The current Czech manslaughter trial of Randy Blythe has been delayed until March 4 at the request of the Lamb of God singer and his defense team, according to WTVR. During Day 3 of the trial today (Feb. 6), Blythe asked for the delay to accommodate a sick witness who couldn't make it to court this week. Following one more day in court tomorrow to allow another witness to testify, Blythe is expected to return to the United States until the trial resumes.

Blythe stands accused of tossing a 19-year-old fan named Daniel Nosek from the stage during a 2010 Lamb of God show. The young man later died from head injuries he sustained at the concert. In earlier testimony, Blythe admitted to physically restraining another concertgoer, Milan Poranek, during the show but insisted that he never came into contact with Daniel Nosek.

During today's testimony, Poranek admitted he was unruly and drunk during the concert, and that Blythe was in the right to restrain him. He also refuted accounts from the prosecution's witnesses that Blythe had choked him. "I wanted to stagedive and Blythe pulled me to the ground and held me there as I was very drunk," Poranek testified. "He did it because of the way I acted and he was right."
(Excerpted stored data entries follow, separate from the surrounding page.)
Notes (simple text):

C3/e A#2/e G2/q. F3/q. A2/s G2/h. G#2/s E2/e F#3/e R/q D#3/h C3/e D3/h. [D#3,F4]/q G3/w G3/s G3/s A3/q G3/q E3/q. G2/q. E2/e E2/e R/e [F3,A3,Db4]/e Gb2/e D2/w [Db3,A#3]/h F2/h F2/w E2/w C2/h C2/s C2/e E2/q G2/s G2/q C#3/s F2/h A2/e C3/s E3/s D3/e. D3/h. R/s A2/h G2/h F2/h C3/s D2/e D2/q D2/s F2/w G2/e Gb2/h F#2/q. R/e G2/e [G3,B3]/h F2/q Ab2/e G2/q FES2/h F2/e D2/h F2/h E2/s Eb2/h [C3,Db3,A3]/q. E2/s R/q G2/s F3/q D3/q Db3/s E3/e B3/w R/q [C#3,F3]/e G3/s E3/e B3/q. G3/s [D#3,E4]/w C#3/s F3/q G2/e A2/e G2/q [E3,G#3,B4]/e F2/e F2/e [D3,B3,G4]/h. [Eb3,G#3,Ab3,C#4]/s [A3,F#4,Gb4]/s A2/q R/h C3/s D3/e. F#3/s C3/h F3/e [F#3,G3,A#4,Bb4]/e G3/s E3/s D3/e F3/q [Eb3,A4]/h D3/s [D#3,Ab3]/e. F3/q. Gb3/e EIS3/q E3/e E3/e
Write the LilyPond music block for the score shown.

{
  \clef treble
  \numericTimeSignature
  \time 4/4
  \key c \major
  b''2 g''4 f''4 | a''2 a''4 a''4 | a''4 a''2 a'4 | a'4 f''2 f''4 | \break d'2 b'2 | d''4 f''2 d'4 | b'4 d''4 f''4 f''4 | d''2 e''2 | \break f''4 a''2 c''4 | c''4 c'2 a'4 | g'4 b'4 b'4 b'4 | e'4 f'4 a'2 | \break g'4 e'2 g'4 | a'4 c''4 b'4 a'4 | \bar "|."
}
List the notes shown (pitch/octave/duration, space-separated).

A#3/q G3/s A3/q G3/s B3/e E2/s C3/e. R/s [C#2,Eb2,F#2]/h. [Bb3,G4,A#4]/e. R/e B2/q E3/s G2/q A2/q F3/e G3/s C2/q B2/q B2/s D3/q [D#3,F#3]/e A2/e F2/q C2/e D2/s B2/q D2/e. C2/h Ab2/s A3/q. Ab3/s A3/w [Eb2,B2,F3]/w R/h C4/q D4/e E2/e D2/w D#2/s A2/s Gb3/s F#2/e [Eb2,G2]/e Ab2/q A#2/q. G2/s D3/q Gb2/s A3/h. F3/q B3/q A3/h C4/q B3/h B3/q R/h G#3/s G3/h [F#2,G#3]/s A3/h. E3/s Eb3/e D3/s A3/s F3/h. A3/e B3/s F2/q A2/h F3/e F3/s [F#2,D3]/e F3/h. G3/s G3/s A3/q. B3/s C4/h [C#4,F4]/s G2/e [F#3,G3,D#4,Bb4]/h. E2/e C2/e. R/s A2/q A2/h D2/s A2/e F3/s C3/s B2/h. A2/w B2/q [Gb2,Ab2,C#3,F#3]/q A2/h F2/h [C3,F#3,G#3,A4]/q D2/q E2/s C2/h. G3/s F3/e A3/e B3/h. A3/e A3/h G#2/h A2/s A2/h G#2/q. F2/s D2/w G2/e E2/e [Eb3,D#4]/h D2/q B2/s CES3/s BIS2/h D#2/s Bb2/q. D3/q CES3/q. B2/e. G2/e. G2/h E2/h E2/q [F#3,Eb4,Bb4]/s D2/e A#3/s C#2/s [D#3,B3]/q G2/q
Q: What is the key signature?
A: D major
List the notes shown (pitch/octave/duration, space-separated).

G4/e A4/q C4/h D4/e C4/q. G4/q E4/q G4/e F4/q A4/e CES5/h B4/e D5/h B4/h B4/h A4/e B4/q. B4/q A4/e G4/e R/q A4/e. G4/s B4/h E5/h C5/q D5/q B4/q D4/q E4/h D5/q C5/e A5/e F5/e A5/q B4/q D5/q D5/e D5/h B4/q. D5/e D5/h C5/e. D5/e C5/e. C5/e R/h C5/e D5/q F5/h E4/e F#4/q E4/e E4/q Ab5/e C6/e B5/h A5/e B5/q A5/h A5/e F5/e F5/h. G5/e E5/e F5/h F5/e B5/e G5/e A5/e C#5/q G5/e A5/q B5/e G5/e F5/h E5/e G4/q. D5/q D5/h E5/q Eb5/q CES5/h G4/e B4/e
Keep in mind that the trial is about the late Daniel Nosek, not Milan Poranek. However, the latter's testimony could be crucial to the outcome of the case, as it details Blythe's behavior at the show.

As we reported, Blythe took to his Instagram account yesterday to insist that several media reports about the trial were partially incorrect due to the complexities of translating the Czech language into English.

As mentioned above, while the trial has been delayed until March 4, there will be one more day of court tomorrow so an additional witness can testify. The trial had been scheduled to end this Friday, Feb. 8, but now Blythe will likely fly home to the United States, where he'll remain the next few weeks until heading back to the Czech Republic for the resumption of the trial.